Por la mañana, cuando arranca la jornada laboral y las camionetas sustituyen a los autos en las calles, las ñoras llegan al súper.
Armadas con carritos tripulados por bebés, acompañadas con nanas de uniforme o solitarias y añosas, las ñoras cumplen con la misión fundamental de su labor doméstica: llenar la despensa y los estómagos de los habitantes de su hogar.
Ellas conocen la cortesía elemental de la convivencia en el súper: circulan a velocidad media, cuidando no golpear a la de enfrente en el tobillo. Se orillan cuando alguna ñora con evidente prisa requiere un revase, y cuidan solidarias el puesto de la despistada que, ya en la caja y lista para pagar, tiene que ir por algún artículo olvidado.
Pero algo desentona en aquel microcosmos laborioso y organizado: el Godínez mañanero al que mandaron por las cocas, el pastel de cumpleaños o las tortillas para el lunch. Entorpecen el tránsito, toman por asalto la salchichonería y oscurecen la fila del pan con suéteres de rombos y corbatas manchadas de huevo con chorizo. En las cajas se intercalan hojeando las revistas, intentando pasar desapercibidos con su botella de tequila y cien gramos de jamón.

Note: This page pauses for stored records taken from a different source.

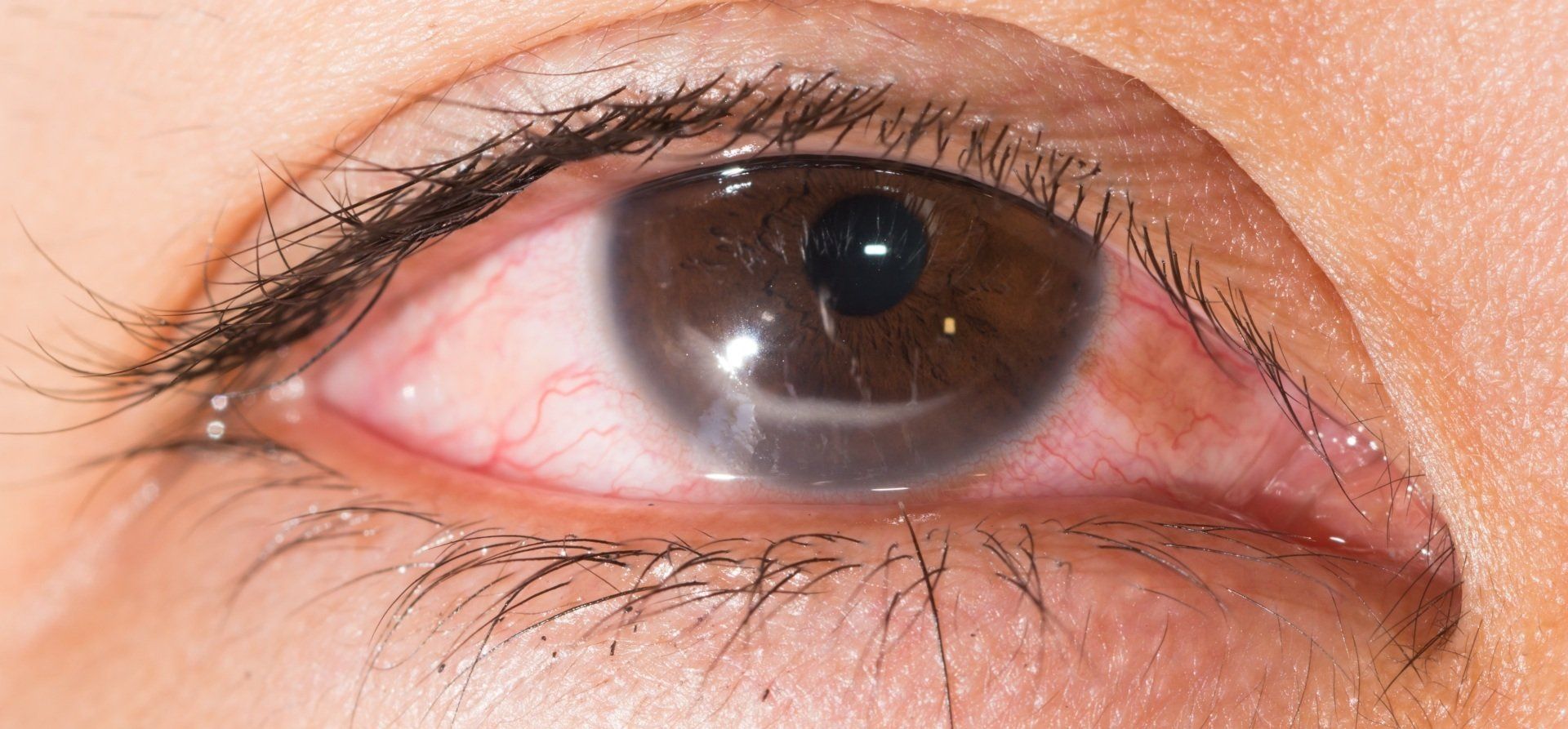 Marginal Keratitis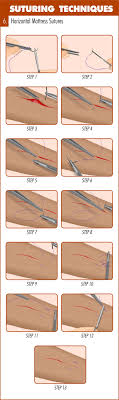 We did not find results for: Complete Guide To Mastering Suturing Techniques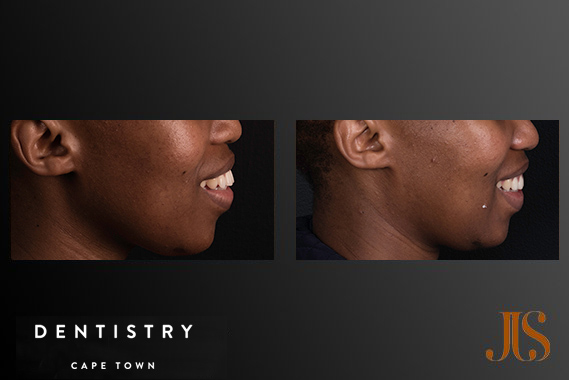 Invisalign Cape Town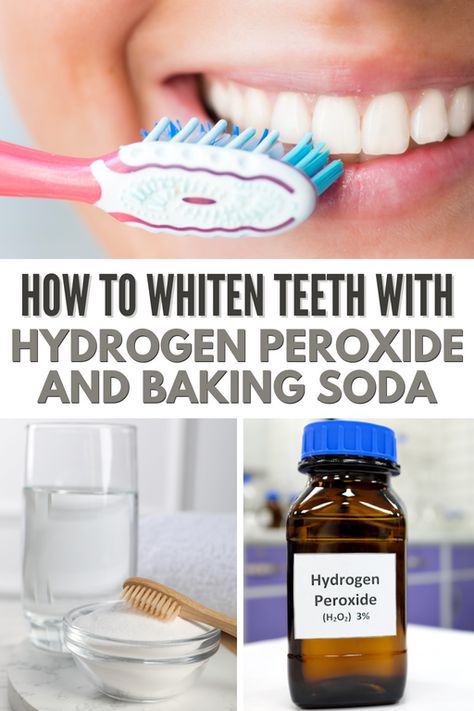 Peroxide And Baking Soda, Hydrogen Peroxide Teeth, Baking Soda Hydrogen Peroxide, Baking Soda Teeth, Natural Teeth Whitening Diy, Teeth Whiting At Home, Peroxide Teeth Whitening, Baking Soda Teeth Whitening, Baking Soda Toothpaste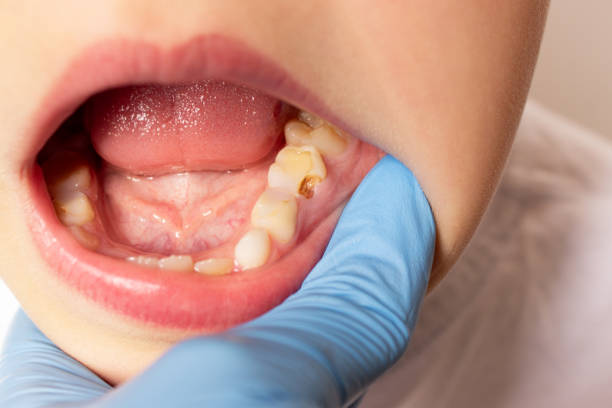 Dental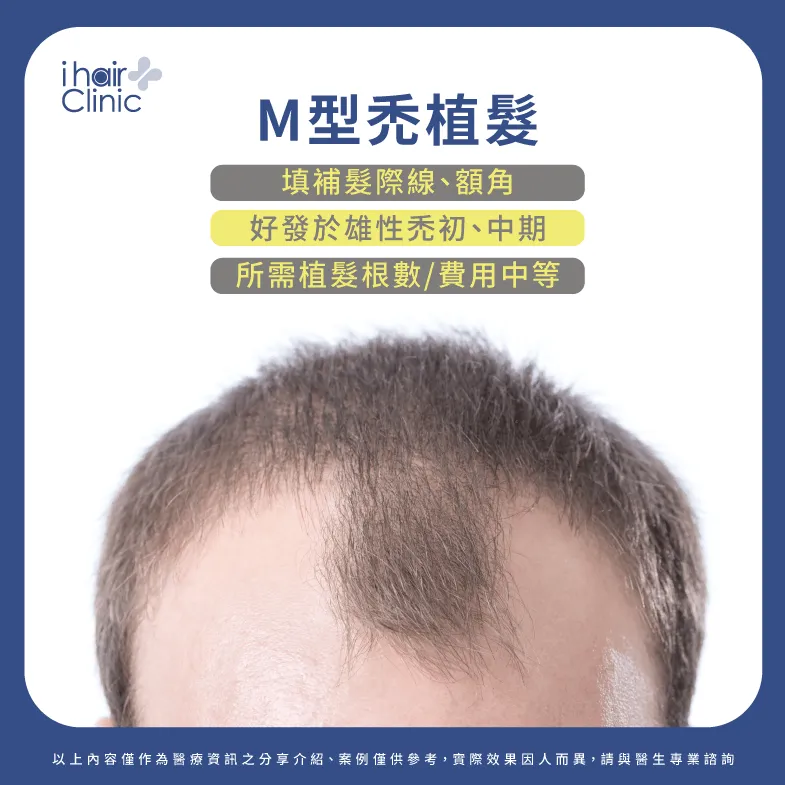 M型禿植髮-雄性禿植髮價錢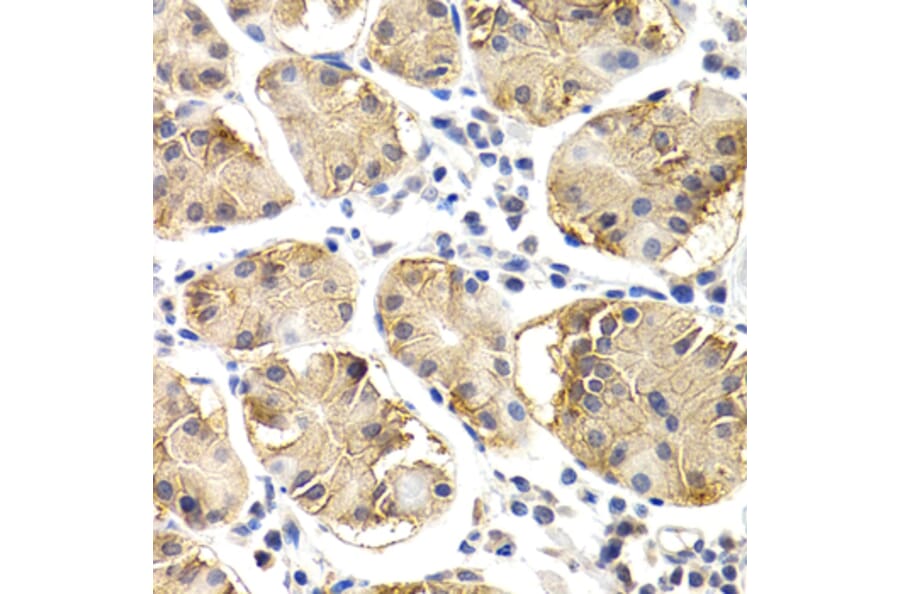 Immunohistochemistry - Anti-CHIT1 Antibody (A8987) - Antibodies.com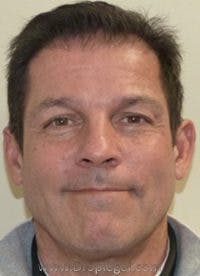Botox / Dysport / Jeuveau / Xeomin Before & After Gallery - Patient 291470 - Image 1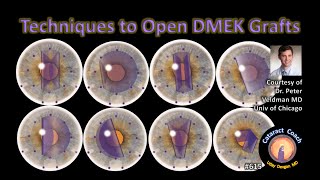 Techniques to Open DMEK grafts corneal endothelial transplantation [upl. by Llenet]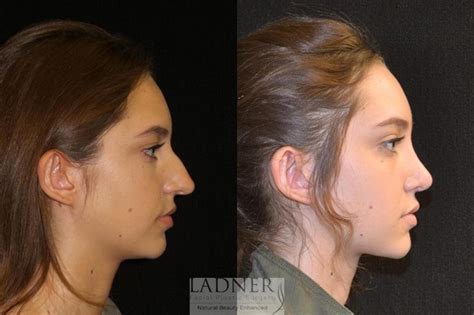 Rhinoplasty Nose Job In Denver Colorado Ladner Facial Plastic Surgery Keith Ladner MD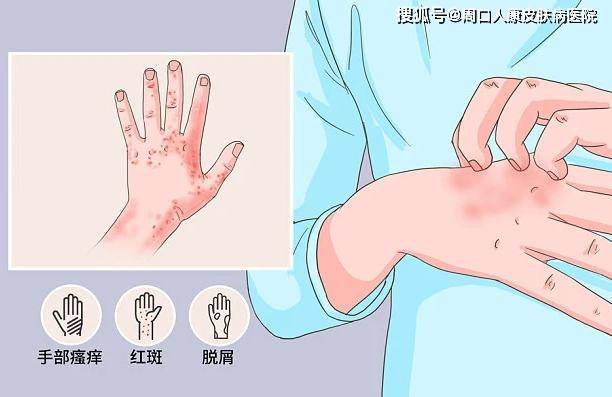 手部_治疗_刺激性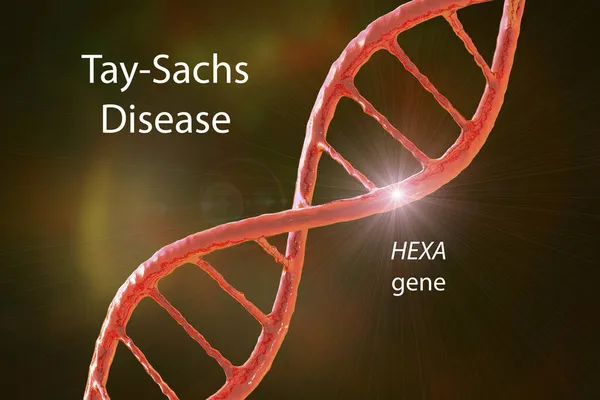 Tay Sachs Doença Ilustração Uma Desordem Genética Que Destrói Progressivamente — Fotografia de Stock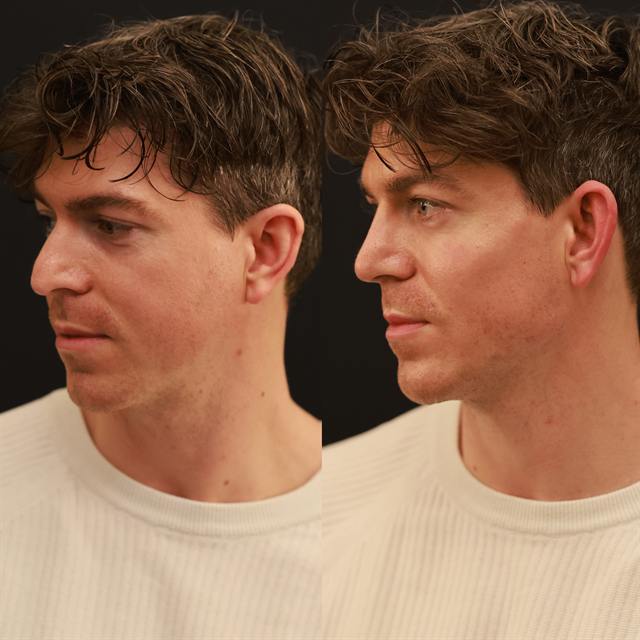 Unretouched before and after result, the drBand Clinic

Los choferes enviados al mandado se consideran a sí mismos una especie de Godínez superior, y miran desdeñosos los austeros carritos del Godínez promedio, pagando en la caja rápida, mientras ellos empujan saturados carros, al lado de un ñora de buen ver.
– ¡Nos vemos en la noche, gorda! — grita un Godínez desubicado — ¡Hoy es quincena!
Una ñora avergonzada levanta el dedo pulgar sonriendo ruborizada.
Ya le recordará a su marido que sus encuentros en el súper se reservan para los sábados.